The chickpea and shrimp soup is a light and nutritious dish with a refined flavor. This soup is easy to make, and you can use either dried chickpeas or already boiled chickpeas. I enriched the soup with carrot, celery, leek, and cherry tomatoes, and served it with toasted bread. With simple and high-quality ingredients, you will enjoy a mouth-watering dish!
- Difficulty: Easy
- Cost: Economical
- Preparation time: 10 Minutes
- Portions: 2 servings
- Cooking methods: Stovetop
Ingredients
- 9 oz shrimp
- 7 oz cooked, boiled chickpeas
- 1 carrot
- 1 stalk celery
- 1 bunch parsley
- to taste leek
- 1.75 oz cherry tomatoes
- to taste extra virgin olive oil
- to taste salt
Steps
To make the chickpea and shrimp soup, chop carrot, celery, parsley, and leek finely.
In a pan, pour a drizzle of extra virgin olive oil and the previously made chop; if you like, add some chopped chili pepper. Cook over low heat.
Then add halved cherry tomatoes and cook on high heat for a few minutes. Next, add the chickpeas, cover with hot water, and cook over medium heat. Salt at the end of cooking.
Wash the shrimp under running water, removing the head and shell. Then remove the internal intestine: slit the back of the shrimp with a knife and pull it out gently, trying not to break it.

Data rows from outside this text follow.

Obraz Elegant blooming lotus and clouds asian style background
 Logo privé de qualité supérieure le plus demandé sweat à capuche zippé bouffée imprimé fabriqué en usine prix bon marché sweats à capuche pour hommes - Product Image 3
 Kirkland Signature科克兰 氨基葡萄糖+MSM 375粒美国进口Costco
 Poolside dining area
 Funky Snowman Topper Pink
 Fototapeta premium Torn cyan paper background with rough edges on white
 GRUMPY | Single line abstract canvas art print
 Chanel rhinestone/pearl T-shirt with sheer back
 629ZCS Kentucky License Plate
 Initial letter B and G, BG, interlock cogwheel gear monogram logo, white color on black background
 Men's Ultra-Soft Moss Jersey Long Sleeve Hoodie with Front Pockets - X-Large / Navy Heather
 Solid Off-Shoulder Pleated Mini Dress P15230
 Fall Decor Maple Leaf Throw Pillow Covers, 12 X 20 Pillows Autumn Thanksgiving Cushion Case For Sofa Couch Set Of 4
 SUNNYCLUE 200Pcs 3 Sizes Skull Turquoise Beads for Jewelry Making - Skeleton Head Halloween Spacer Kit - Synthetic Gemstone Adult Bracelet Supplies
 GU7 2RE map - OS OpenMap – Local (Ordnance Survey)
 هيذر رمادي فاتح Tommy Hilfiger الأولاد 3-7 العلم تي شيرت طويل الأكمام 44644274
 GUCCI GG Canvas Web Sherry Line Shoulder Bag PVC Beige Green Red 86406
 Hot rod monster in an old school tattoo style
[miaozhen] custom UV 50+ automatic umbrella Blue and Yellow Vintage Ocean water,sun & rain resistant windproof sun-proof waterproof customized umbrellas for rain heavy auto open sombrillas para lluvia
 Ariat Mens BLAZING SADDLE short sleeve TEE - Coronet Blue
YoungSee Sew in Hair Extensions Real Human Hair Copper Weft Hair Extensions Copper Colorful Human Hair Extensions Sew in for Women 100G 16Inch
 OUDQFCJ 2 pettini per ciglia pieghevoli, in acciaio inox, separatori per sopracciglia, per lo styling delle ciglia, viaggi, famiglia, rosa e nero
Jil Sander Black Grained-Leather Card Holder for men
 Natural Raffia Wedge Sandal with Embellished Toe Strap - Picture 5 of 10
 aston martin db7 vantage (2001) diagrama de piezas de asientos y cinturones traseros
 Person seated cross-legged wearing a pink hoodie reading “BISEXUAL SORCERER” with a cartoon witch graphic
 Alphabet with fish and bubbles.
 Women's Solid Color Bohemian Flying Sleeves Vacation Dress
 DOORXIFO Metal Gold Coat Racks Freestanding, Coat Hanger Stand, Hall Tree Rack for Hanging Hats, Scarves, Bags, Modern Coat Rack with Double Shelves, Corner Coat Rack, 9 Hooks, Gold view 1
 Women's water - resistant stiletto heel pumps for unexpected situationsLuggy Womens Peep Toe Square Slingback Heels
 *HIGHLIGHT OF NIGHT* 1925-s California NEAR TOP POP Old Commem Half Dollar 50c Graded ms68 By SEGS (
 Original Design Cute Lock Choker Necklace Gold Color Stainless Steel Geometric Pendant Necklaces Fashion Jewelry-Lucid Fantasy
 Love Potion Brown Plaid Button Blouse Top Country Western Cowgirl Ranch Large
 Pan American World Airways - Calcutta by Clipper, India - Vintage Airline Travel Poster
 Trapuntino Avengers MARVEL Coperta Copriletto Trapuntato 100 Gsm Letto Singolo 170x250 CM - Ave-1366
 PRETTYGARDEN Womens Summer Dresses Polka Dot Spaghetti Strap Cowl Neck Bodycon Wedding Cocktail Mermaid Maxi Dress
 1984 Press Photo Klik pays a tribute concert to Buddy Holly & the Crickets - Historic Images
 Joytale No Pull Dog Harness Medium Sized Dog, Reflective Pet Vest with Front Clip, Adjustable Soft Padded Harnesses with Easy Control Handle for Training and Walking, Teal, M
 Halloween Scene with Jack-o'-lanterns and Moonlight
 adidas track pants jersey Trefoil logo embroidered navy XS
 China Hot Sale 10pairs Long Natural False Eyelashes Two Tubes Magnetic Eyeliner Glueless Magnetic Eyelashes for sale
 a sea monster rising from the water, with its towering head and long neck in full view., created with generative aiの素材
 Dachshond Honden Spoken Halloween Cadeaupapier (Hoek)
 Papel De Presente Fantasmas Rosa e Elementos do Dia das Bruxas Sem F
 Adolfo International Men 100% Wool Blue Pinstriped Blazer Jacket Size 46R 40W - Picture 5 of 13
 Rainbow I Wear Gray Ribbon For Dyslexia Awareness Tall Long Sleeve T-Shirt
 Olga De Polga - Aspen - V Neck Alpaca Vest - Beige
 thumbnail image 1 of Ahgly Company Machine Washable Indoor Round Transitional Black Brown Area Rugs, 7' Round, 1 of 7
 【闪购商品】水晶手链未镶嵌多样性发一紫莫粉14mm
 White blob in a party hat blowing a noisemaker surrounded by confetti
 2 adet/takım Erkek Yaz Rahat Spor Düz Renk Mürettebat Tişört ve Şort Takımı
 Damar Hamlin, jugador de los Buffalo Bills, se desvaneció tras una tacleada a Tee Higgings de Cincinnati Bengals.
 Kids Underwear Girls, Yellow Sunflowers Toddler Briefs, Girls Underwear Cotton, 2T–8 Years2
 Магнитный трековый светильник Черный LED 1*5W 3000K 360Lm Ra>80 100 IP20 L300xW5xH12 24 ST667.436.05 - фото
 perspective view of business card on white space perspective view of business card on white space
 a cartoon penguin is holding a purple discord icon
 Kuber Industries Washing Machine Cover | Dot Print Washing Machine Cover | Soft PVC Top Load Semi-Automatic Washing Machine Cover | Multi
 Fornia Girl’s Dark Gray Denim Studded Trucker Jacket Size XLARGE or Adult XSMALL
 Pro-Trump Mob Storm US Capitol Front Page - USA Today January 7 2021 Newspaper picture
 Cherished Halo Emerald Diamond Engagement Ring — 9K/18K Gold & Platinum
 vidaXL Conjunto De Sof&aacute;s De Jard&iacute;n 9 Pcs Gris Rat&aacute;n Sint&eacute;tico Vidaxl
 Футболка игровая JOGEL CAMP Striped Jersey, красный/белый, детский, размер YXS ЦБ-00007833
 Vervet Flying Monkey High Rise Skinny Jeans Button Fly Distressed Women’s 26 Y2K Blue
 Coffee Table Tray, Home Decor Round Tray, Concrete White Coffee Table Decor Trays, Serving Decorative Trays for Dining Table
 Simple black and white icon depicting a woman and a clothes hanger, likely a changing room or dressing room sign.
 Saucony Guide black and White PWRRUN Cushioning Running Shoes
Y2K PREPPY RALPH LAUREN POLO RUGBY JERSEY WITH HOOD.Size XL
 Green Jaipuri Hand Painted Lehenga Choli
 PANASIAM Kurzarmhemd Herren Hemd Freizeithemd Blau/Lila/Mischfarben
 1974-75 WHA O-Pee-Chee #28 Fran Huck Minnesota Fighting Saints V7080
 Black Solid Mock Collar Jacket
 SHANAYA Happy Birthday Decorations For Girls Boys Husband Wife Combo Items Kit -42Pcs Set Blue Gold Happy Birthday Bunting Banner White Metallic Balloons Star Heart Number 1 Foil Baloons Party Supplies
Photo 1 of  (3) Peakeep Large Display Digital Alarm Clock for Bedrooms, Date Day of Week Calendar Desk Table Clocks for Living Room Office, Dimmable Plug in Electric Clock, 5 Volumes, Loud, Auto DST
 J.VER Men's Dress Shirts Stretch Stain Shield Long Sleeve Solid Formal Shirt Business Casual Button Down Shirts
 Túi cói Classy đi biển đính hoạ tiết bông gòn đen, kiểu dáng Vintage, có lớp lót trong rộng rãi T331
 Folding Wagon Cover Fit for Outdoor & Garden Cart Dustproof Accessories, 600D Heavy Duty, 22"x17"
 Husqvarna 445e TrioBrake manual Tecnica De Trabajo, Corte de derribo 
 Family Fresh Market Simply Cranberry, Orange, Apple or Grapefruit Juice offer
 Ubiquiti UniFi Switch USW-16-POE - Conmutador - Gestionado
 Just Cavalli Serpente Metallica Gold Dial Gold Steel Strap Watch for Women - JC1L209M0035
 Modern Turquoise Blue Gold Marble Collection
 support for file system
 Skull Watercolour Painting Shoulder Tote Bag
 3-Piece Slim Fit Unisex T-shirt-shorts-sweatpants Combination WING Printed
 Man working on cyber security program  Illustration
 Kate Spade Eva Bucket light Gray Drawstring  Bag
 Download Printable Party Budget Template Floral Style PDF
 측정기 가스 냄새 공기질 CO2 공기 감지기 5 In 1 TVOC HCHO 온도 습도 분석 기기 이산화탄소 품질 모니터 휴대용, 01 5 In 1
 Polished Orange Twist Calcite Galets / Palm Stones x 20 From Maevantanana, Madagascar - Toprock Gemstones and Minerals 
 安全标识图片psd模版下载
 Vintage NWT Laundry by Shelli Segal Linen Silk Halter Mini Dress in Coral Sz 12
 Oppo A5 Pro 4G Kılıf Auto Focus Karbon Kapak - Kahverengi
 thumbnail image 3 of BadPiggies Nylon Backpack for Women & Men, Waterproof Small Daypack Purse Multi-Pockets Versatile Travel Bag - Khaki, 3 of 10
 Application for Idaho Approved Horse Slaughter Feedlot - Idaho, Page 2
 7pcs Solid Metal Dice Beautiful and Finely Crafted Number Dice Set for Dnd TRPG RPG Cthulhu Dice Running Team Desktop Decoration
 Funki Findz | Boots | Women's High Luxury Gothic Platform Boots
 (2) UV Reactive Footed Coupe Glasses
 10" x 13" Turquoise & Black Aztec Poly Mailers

In a pan, pour a drizzle of extra virgin olive oil and some chopped parsley, heat over moderate heat. Add the shrimp and sauté in the pan. Add a pinch of salt and cook the shrimp for three minutes on each side until they are pink and cooked.
Finally, add the shrimp to the chickpeas and let it cook on the heat for a few minutes. Then serve with toasted bread. Enjoy your meal!